**Given records**
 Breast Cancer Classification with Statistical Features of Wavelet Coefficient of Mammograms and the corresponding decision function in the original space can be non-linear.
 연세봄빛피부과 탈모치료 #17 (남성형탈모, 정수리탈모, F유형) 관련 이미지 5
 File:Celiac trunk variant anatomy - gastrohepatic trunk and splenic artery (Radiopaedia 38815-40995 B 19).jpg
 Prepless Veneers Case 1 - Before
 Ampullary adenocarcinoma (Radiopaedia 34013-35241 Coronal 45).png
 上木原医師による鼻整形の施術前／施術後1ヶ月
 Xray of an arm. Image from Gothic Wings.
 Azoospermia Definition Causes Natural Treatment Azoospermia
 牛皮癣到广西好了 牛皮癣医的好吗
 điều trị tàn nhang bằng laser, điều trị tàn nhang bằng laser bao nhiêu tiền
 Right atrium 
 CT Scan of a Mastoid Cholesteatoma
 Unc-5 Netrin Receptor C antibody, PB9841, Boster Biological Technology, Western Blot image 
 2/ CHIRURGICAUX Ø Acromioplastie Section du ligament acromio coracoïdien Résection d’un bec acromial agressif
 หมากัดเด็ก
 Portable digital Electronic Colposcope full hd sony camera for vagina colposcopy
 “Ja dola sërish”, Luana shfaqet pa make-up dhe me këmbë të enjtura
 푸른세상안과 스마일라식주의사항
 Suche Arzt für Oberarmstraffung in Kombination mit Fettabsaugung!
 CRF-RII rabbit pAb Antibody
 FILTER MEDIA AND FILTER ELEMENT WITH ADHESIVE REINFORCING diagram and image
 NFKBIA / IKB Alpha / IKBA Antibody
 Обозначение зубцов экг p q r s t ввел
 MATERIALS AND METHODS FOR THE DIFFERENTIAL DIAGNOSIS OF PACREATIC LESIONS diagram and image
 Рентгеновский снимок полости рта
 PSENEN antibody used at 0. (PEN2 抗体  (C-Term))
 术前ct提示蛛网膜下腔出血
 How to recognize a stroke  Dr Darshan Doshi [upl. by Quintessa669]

**Required work**
What lines above contain "diagram"? Copy them out.

**Reply**
 FILTER MEDIA AND FILTER ELEMENT WITH ADHESIVE REINFORCING diagram and image
 MATERIALS AND METHODS FOR THE DIFFERENTIAL DIAGNOSIS OF PACREATIC LESIONS diagram and image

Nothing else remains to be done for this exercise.